Exercise
Output all of the data exactly as it appears, but leave out any pictures it contains.

The input
►

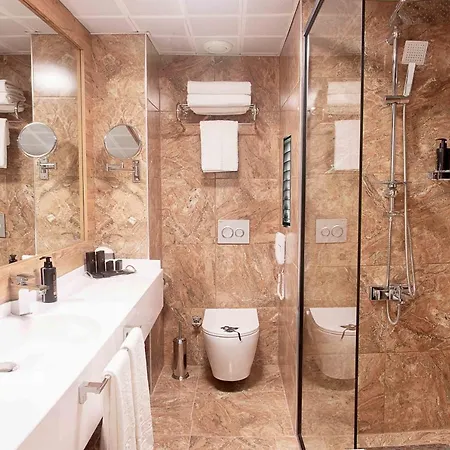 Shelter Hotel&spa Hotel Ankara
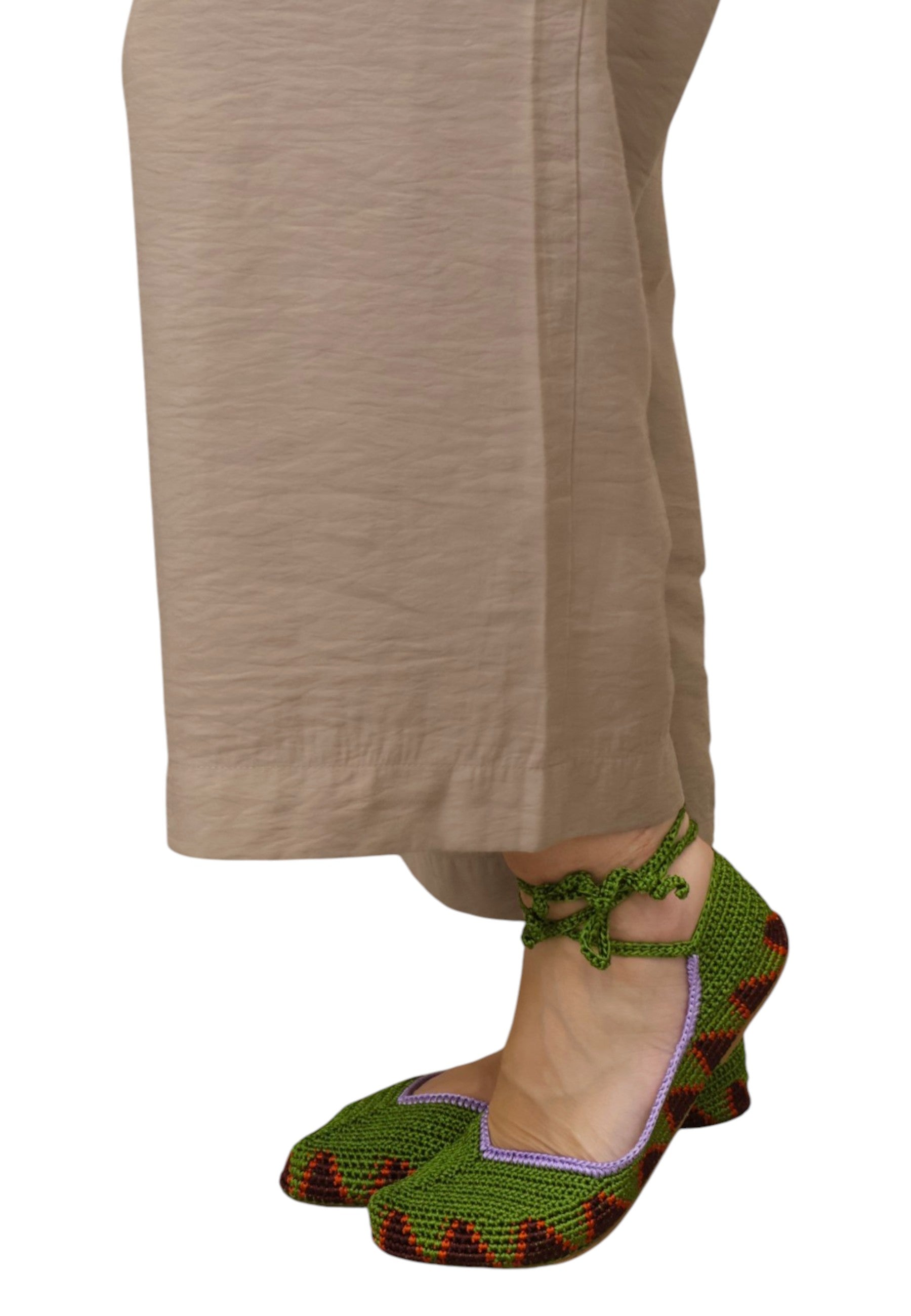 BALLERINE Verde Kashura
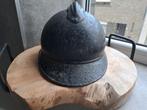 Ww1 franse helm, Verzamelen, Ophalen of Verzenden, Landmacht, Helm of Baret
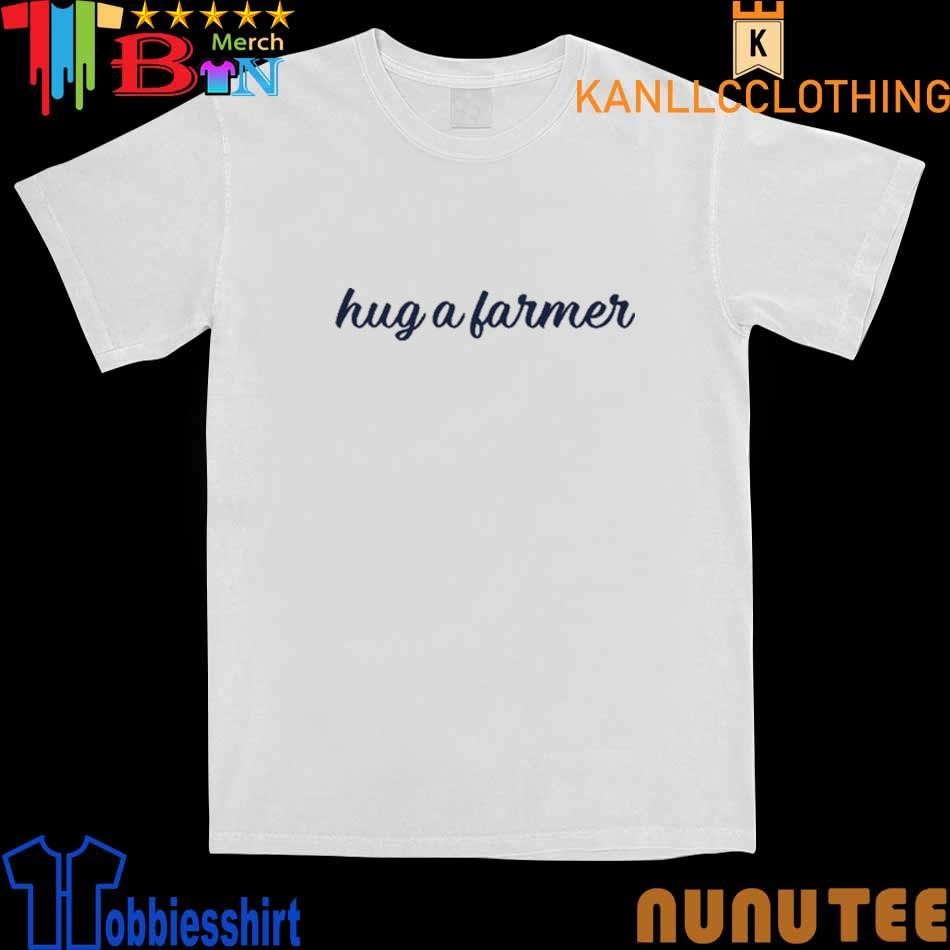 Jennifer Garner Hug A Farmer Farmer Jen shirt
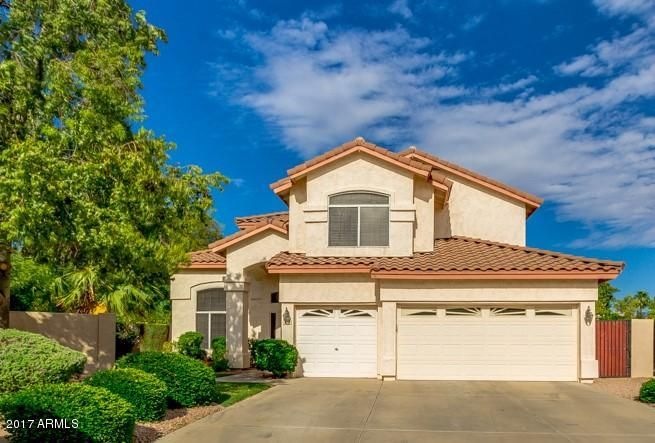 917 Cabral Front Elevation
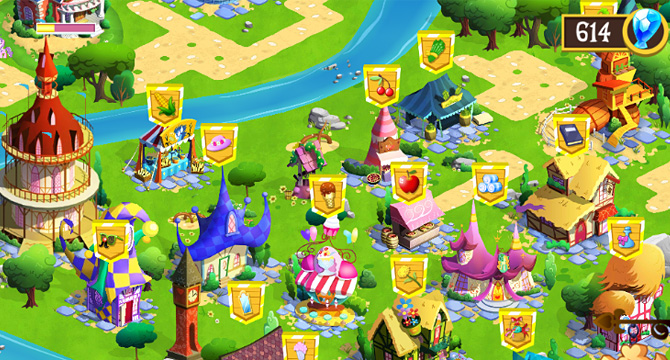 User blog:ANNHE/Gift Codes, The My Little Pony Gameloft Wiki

◄

Your response
 Shelter Hotel&spa Hotel Ankara
 BALLERINE Verde Kashura
 Ww1 franse helm, Verzamelen, Ophalen of Verzenden, Landmacht, Helm of Baret
 Jennifer Garner Hug A Farmer Farmer Jen shirt
 917 Cabral Front Elevation
 User blog:ANNHE/Gift Codes, The My Little Pony Gameloft Wiki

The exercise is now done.